Don't expect to hear about this
on the Washington Post editorial page
The
Wall Street Journal is the classic example of a newspaper where the reporters frequently do good, grounded-in-reality work while the editors hew closely to a pre-ordained, heavily politicized worldview. But
Media Matters shows how, on the subject of Michelle Rhee, the
Washington Post's editors have been, in the words of one of the paper's own education reporters, "steadfast, protective and, at times, adoring." (The blog post in which reporter Bill Turque said that was removed from the
Post's website.)
Media Matters offers a litany of cases in which the Post's editors attacked Rhee's critics and lauded Rhee—led by the editorial board's refusal to engage with the cheating scandal that took place on her watch.

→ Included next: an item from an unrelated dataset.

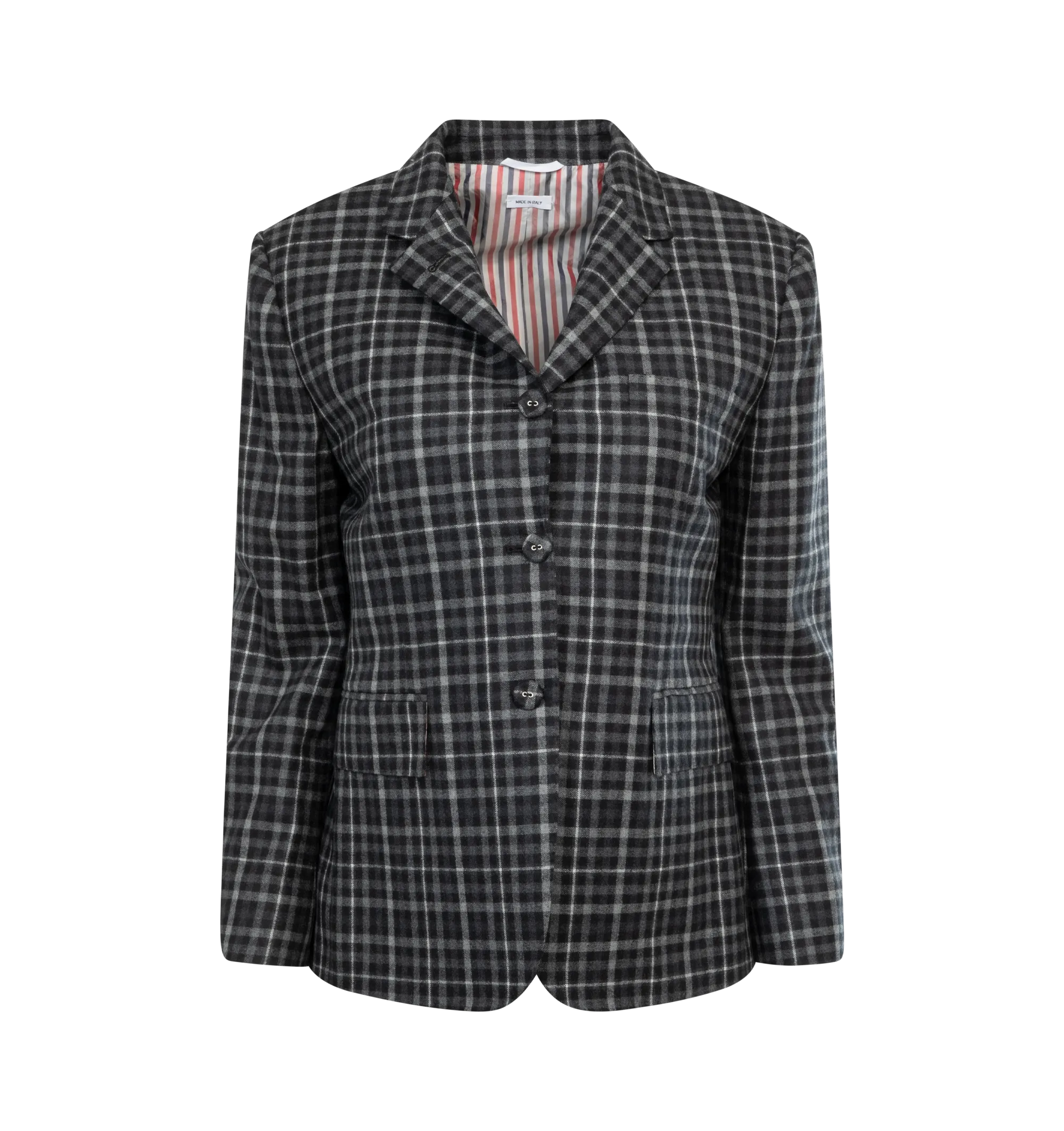 FLANNEL SPORT COAT (WOMENS)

Why? Because, editorial page editor Fred Hiatt told Media Matters, editors' support for Rhee's overall project trumped everything else, including cheating:
"Our view was that by abolishing the elected school board and taking full responsibility for the schools and then appointing a strong chancellor committed to a strong set of reforms, Mayor Fenty offered the best opportunity in a long time to actually make progress. And that if this chancellor missed, it might be a long time before the stars would align again and a serious attempt to improve the public schools would take place. Over the four years, our view was that Mayor Fenty and Chancellor Rhee took a lot of hard decisions that were necessary. After four years the schools were in much better shape than they had been four years before and that was measurable and demonstrable."

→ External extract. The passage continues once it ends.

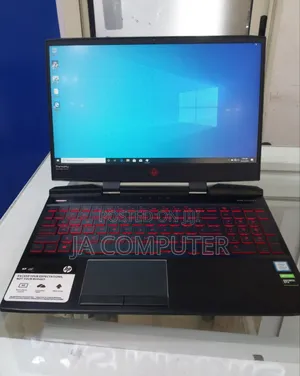 New Laptop HP Omen X 16GB Intel Core I7 SSD 512GB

So, for Fred Hiatt and the rest of the Post's editorial board, defending Michelle Rhee (even from the paper's own education reporters) was more important than whether the alleged improvements came through cheating, and more important than whether the alleged improvements even held up under scrutiny. In fact, they did not: Under Rhee, gains on one key test held steady at the rate her predecessors had seen, while gains on another were largely due to the fact that she changed which students took the test and how results for students who did not take the test were recorded. Those factors coupled with demographic changes and cheating account for the overwhelming bulk of the the improvements Rhee claimed and the Washington Post's editors were so insistent on crediting her with.
Not that we thought much better of the Fred Hiatt editorial page, but now we have it from him: The Washington Post's editorial page is concerned with broad political projects, not with any pesky details that might point to gaps and problems in those projects.